#### [PROBLEM REQUIREMENTS]
Set the pictures aside and set down only the lines from the line holding "ファイル 2116-1.jpg" through the end of the entries below, ends included.

[Image-text web data]

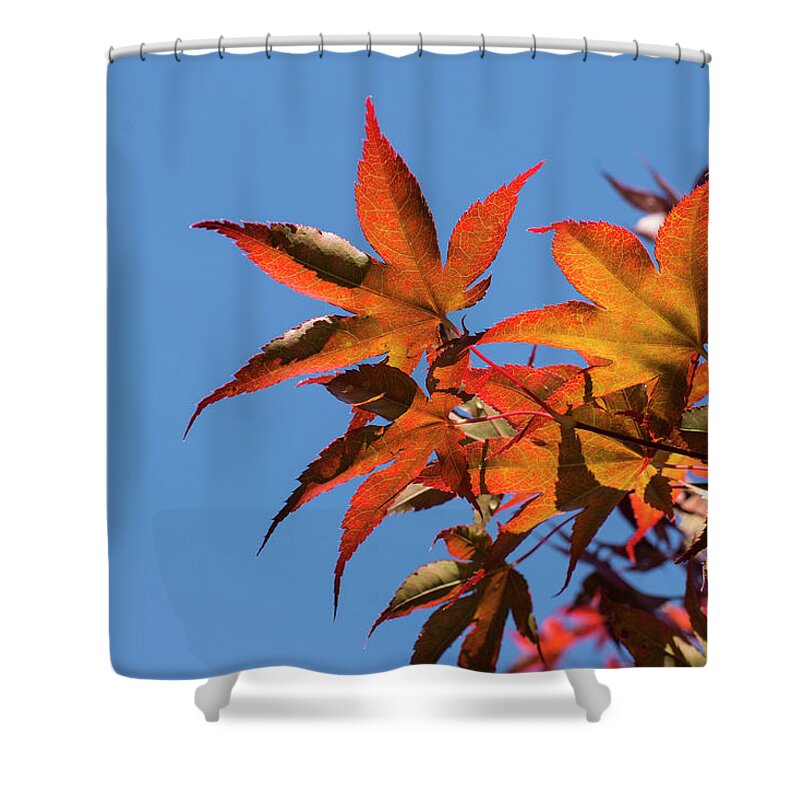 Autumn Shower Curtain featuring the photograph Autumn Leaves by Deborah Ritch
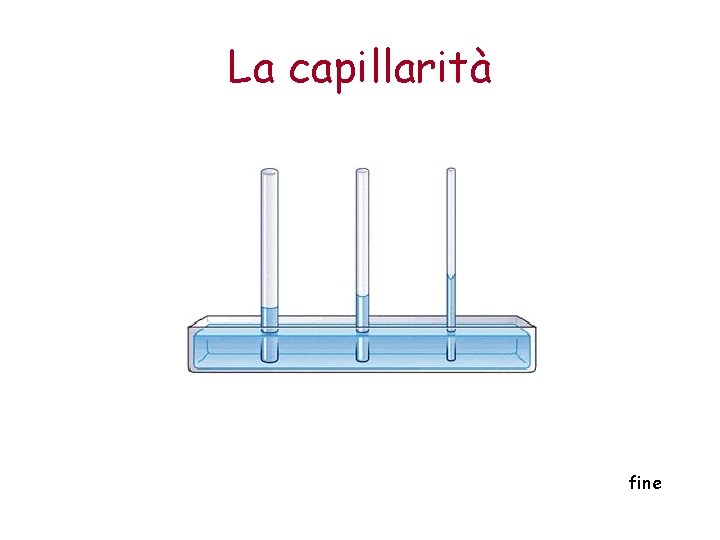 La capillarità fine 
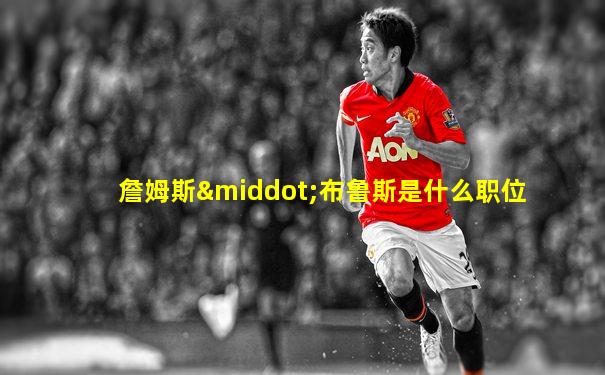 詹姆斯·布鲁斯是什么职位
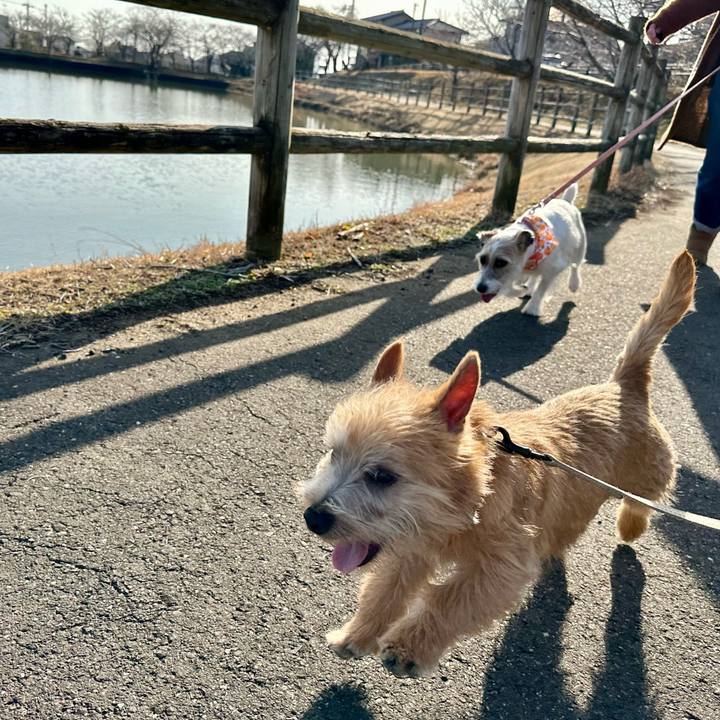 1802e9a8 ed2d 4b05 879e ede019fe42bb 1707489048825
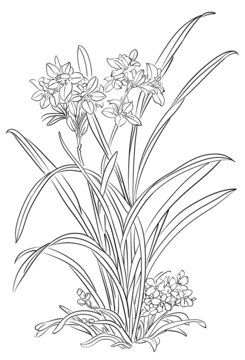 白描線稿鮮花花卉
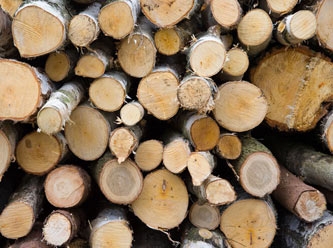 Almanya'da enerji krizi: Ormanlardan Odun hırsızlığı artıyor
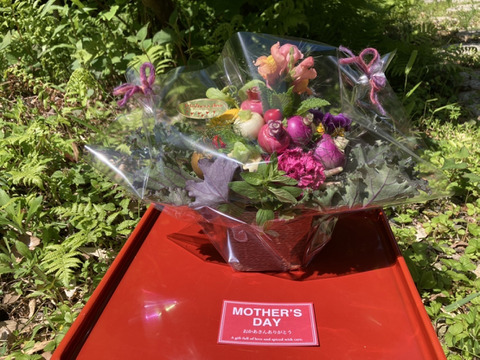 【母の日ギフト】野菜ブーケかごタイプ【メッセージカード付き】【カラフルなミニ野菜】【4/26(土)～5/18(日)お届け】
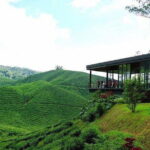 Private Tour : Cameron Highland Day Trip from Kuala Lumpur - Final Thoughts: Is This the Cameron Highlands Tour for You?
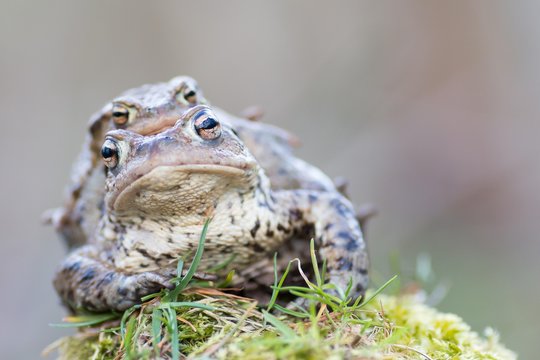 Common toads (bufo Bufu) migrating, Hesse, Germany, Europe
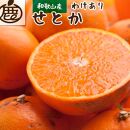 ［先行予約］家庭用&nbsp;せとか1kg+250g（傷み補償分）［柑橘・春みかんの王様］［わけあり・訳あり］［光センサー選果・食べ頃出荷］［IKE118］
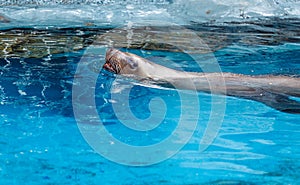 Aquarium Pinnipedia Seal Sea Lion Swimming with head out of water with mouth and eyes open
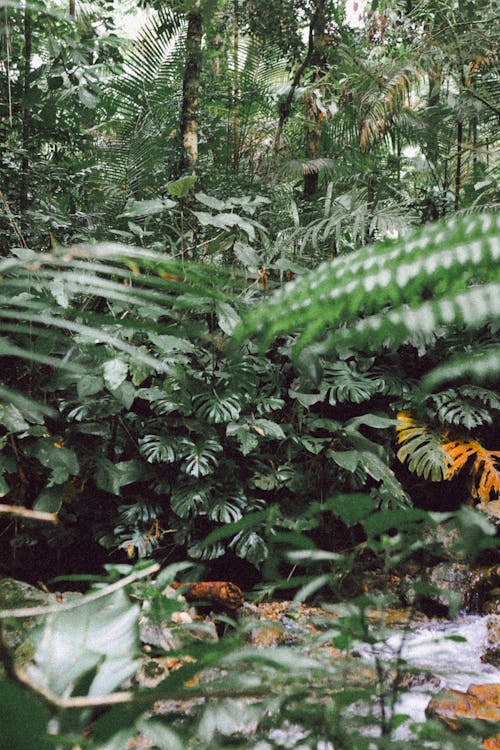 叢林, 垂直拍攝, 天性 的 免費圖庫相片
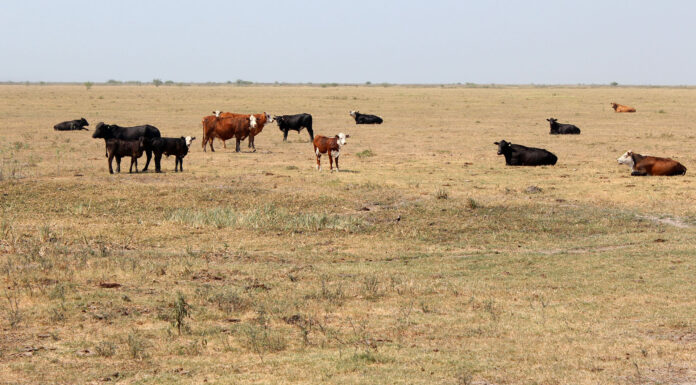 CORRIENTES Plantean opciones de manejo del recurso forrajero para el periodo invernal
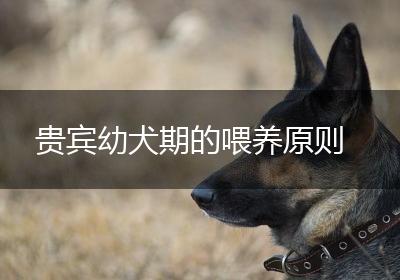 贵宾幼犬期的喂养原则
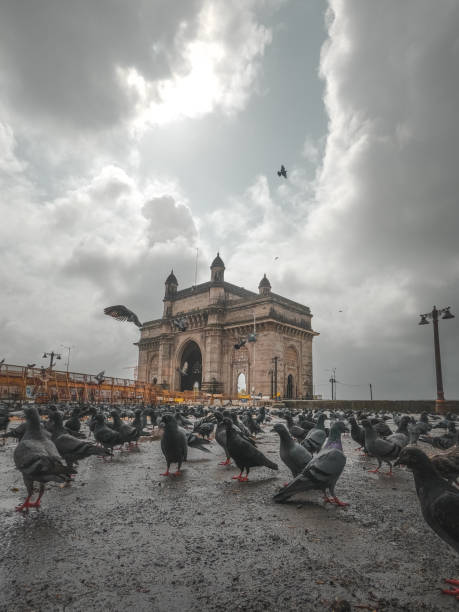 tiro de portal da índia com pombos em primeiro plano e um céu nublado - vertical gateway to india famous place travel destinations - fotografias e filmes do acervo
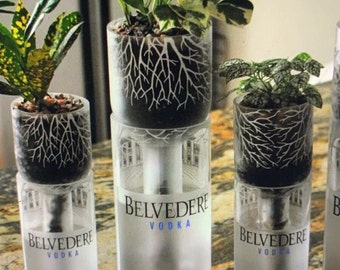 Hydroponic Garden In Vodka Bottle | Gift set Bottle Planter Pot |  Repurposed Up-cycled bottle | office desk plant pot | self watering plant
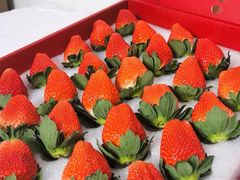 -唐桥水果批发市场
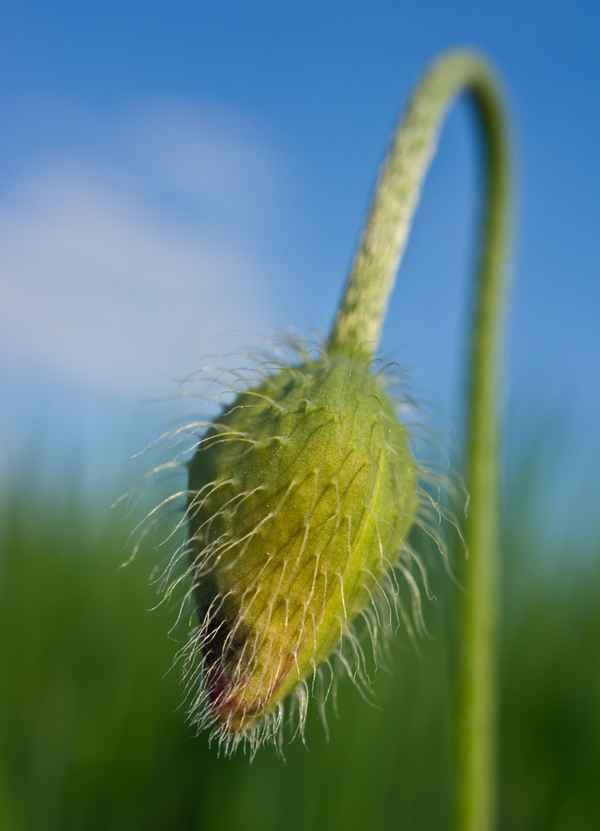 Klatschmohn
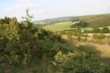 Loogh/Eifel reiche Botanik
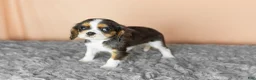 Cavalier King Charles Spaniel dogs for sale: Luna  - Ad 2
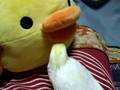 ダースベーダーを歌うオカメインコ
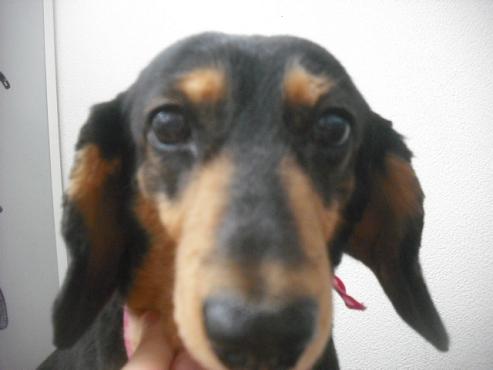 ファイル 2116-1.jpg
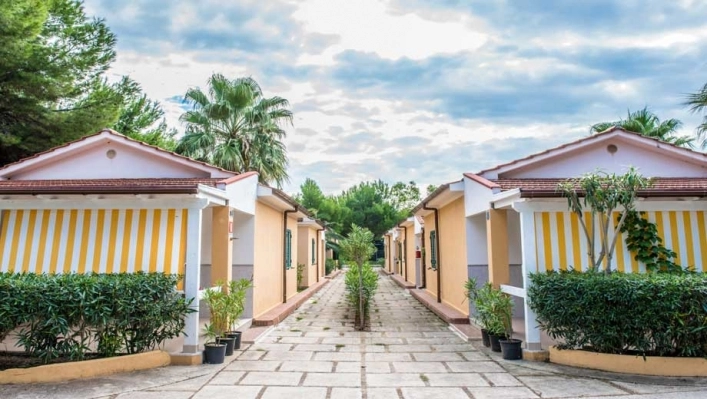 zobacz camping - zdjęcie 19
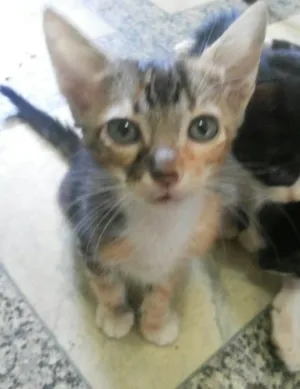 Gato raça raça não definida idade Abaixo de 2 meses nome Nymeria, Zeus e Bizu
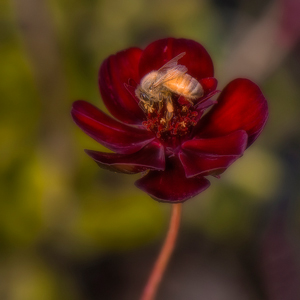 Velvet Petals by Pauline Smith, Open Image of the Night, Nov 2013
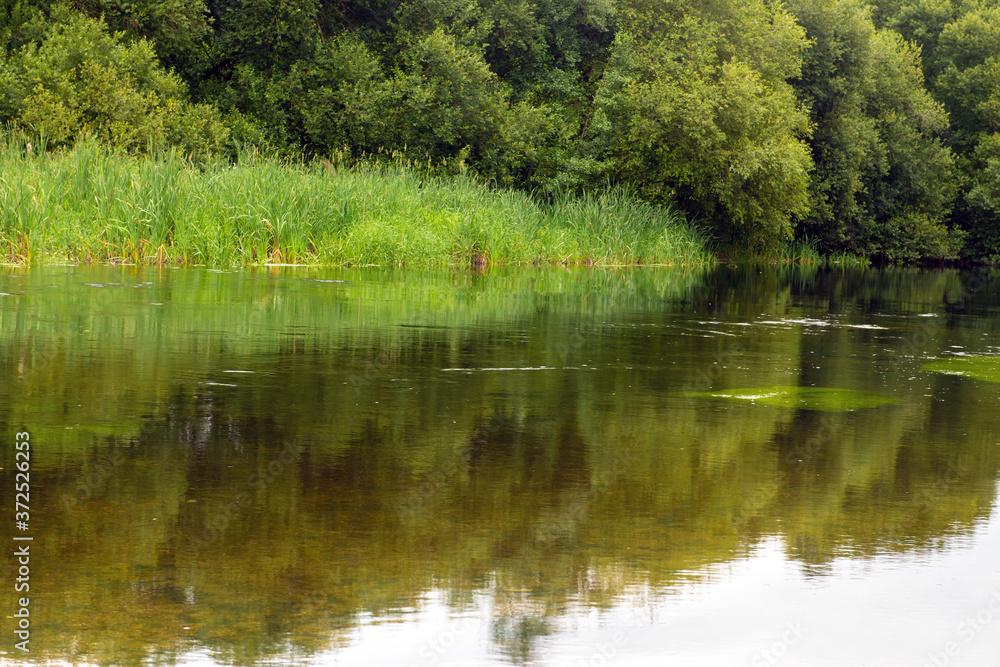 green river bank, beautiful calm natural landscape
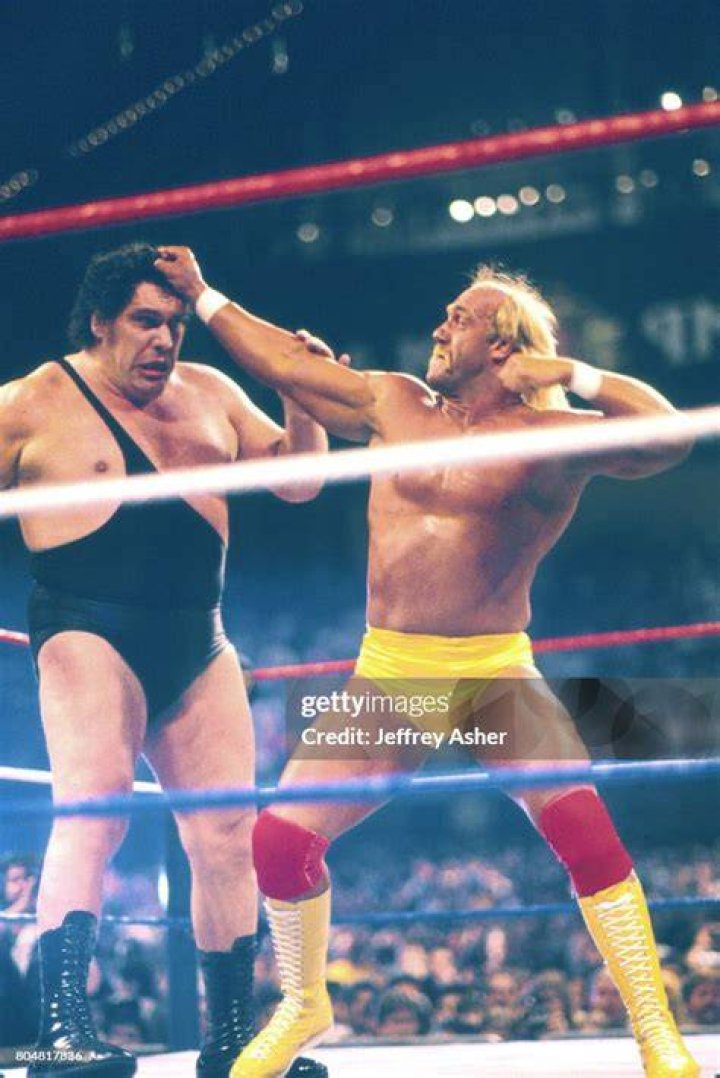 Hulk Hogan v The Giant Hog Wild 1996 Cropped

#### [RESULT OF THE TASK]
 ファイル 2116-1.jpg
 zobacz camping - zdjęcie 19
 Gato raça raça não definida idade Abaixo de 2 meses nome Nymeria, Zeus e Bizu
 Velvet Petals by Pauline Smith, Open Image of the Night, Nov 2013
 green river bank, beautiful calm natural landscape
 Hulk Hogan v The Giant Hog Wild 1996 Cropped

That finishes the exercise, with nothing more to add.